We get into the cab and ask for the cab and ask for the bus station. In this initial encounter the driver gives off the impression of speaking far more English than he actually does. We pull out a map and once again say bus station while pointing to our destination. He still doesn’t understand. He starts driving off, we hope in the right direction.
Then we start throwing languages out there. One of my friends speaks some German and some Chinese. These fall flat. I speak French fluently. I start saying autobus and Francais and he perks up. He speaks French. Excellent.

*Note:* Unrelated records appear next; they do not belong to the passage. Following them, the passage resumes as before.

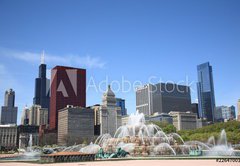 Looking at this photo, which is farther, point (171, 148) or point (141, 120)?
point (141, 120)

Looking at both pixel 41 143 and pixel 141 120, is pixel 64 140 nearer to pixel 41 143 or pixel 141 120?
pixel 41 143

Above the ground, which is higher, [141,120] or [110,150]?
[141,120]

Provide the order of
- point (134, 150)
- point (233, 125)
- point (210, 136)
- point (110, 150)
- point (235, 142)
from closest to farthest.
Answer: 1. point (134, 150)
2. point (110, 150)
3. point (235, 142)
4. point (210, 136)
5. point (233, 125)

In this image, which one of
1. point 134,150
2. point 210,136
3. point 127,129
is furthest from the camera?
point 210,136

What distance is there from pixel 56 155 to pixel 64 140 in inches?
5862

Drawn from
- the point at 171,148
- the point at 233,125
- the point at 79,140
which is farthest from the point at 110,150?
the point at 79,140

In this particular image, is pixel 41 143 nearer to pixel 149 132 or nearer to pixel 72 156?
pixel 149 132

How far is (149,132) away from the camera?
82.7 m

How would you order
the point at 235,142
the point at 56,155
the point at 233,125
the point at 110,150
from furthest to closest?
the point at 233,125, the point at 235,142, the point at 110,150, the point at 56,155

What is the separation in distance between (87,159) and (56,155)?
485 cm

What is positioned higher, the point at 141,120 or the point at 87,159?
the point at 141,120

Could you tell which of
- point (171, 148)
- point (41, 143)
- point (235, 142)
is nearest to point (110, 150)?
point (171, 148)

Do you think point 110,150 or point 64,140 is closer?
point 110,150

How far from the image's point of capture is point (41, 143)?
19725 cm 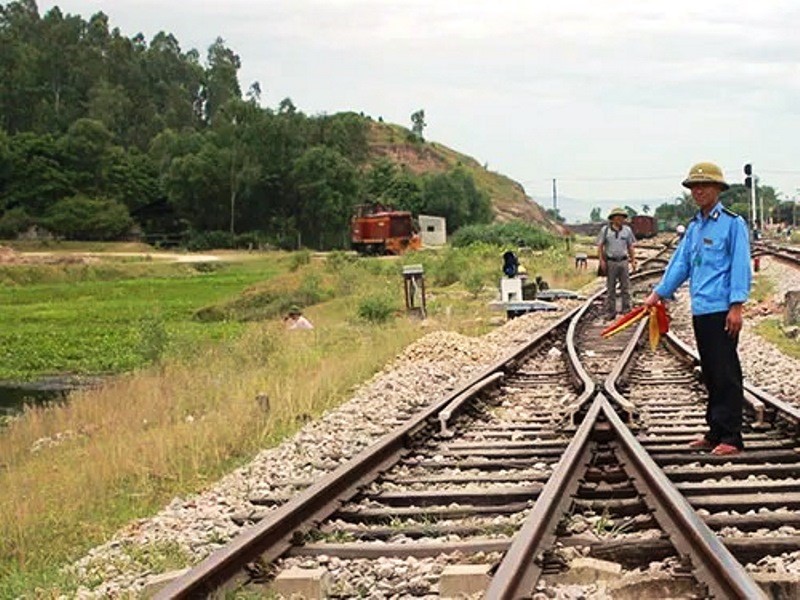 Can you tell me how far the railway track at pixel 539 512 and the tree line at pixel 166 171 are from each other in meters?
83.1

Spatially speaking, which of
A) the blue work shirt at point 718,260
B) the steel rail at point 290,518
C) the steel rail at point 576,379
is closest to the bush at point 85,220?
the steel rail at point 576,379

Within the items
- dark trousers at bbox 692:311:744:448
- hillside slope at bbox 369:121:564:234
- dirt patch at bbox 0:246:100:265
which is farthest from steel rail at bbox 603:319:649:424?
hillside slope at bbox 369:121:564:234

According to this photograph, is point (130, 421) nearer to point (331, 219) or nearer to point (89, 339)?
point (89, 339)

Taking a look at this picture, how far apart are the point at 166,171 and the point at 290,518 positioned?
94.5 metres

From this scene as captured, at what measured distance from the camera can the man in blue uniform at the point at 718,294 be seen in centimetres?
787

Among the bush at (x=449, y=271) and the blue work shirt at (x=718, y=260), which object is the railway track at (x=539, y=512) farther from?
the bush at (x=449, y=271)

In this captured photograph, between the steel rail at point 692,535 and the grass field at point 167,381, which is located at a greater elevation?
the steel rail at point 692,535

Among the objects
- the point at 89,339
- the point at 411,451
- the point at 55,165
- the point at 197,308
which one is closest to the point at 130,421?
the point at 411,451

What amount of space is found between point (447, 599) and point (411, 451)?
3.61m

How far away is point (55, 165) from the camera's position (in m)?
95.4

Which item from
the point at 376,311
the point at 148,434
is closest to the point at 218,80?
the point at 376,311

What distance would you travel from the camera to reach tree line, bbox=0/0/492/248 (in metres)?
92.4

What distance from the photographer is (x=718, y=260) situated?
800cm

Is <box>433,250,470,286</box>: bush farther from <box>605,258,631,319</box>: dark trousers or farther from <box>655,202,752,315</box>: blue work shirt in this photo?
<box>655,202,752,315</box>: blue work shirt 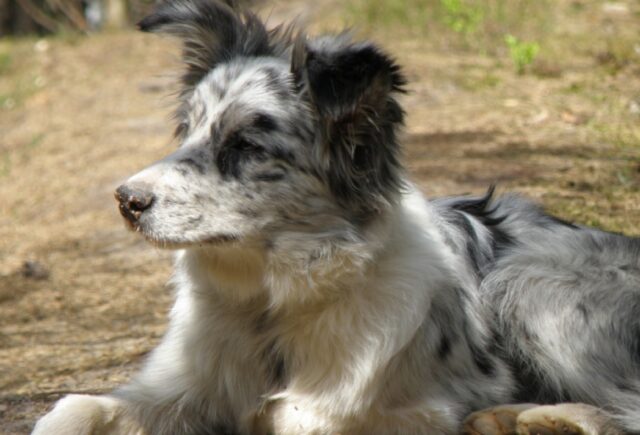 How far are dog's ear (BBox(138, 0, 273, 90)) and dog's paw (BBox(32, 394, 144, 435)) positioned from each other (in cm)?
141

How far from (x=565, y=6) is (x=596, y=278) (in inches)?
331

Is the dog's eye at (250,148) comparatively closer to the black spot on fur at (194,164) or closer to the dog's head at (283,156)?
the dog's head at (283,156)

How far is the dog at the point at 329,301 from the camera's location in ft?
12.0

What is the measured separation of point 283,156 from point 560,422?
1379 millimetres

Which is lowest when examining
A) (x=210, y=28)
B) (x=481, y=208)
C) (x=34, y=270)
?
(x=34, y=270)

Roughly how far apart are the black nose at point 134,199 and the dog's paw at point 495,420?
4.62ft

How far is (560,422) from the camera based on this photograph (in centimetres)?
359

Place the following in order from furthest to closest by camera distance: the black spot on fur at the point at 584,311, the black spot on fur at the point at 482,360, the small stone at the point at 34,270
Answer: the small stone at the point at 34,270
the black spot on fur at the point at 584,311
the black spot on fur at the point at 482,360

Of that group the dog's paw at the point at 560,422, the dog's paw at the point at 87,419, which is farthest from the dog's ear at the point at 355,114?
the dog's paw at the point at 87,419

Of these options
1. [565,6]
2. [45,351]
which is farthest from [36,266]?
[565,6]

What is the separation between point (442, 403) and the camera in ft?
12.4

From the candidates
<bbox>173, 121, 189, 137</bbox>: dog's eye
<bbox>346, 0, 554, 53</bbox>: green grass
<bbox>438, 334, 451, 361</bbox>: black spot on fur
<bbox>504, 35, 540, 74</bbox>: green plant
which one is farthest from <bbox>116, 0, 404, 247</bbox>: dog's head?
<bbox>346, 0, 554, 53</bbox>: green grass

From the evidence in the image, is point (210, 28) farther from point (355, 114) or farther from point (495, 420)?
point (495, 420)

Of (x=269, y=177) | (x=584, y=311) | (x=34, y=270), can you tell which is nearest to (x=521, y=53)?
(x=34, y=270) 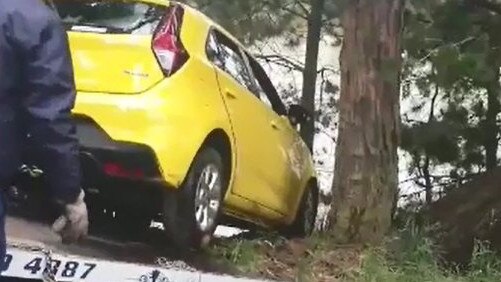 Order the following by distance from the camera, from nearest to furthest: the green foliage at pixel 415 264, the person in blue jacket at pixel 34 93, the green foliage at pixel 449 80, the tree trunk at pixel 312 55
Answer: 1. the person in blue jacket at pixel 34 93
2. the green foliage at pixel 415 264
3. the tree trunk at pixel 312 55
4. the green foliage at pixel 449 80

From here I manage to explain that we are not trying to go to a hotel or hostel — I fumble for the word then remember it is auberge — but to the bus station. We are thankful to make it to our destination — especially since our bus leaves very soon — and I am pleased with myself. I conversed in French. I got us to our destination. Once I stopped being worried it was fun. At home I never have a reason to speak French but for some reason in Lithuania I am given the chance twice — the border patrol also speaks to me in French.
For the most part you can get by with just English while traveling, especially in Western Europe. But then my encounter validates my belief that one should speak at least two languages, and probably more. I have been thinking of learning Chinese or German or something else for a while. I feel two languages are not enough. It reminds me of how handy it can be to communicate with others.
My roommate has also been telling me that for him learning Chinese was as much about speaking the language as learning a new perspective. The language is much different than any European language and reflects the culture and nation that spawned it.
Then I think of university Spanish. I took two semesters of it because of a language requirement and remember how to say I don’t like cheese and ask where the beach is. The second semester went so fast that by the end I barely remembered the present tense. And to make matters worse it was marked on a ridiculously hard scale — my eighty per cent only earned me a B, with a ninety-four per cent required for an A. To say the least I wasn’t really invented in Spanish. I took it because it was supposed to be easy if you spoke English and French, and I had to do a language. In the end it was a lot of work.
Learning a language was tricky and one has to really be invested in it to put in the work. That is why I resolved to never take a language for academic credit ever again. That is why I didn’t take Danish language courses while on exchange in Denmark. That is why I barely speak Spanish.
I think that doing it on your own time is different. I would learn Chinese because I am interested in China. I wrote my honours thesis on Sino-American relations and would consider living there. It would be a project undertaken because I believe it to be valuable and enriching. Who knows maybe one day in a cab I will have a driver who doesn’t speak a word of English. Perhaps it will come in handy. After all speaking French is the reason we caught our bus.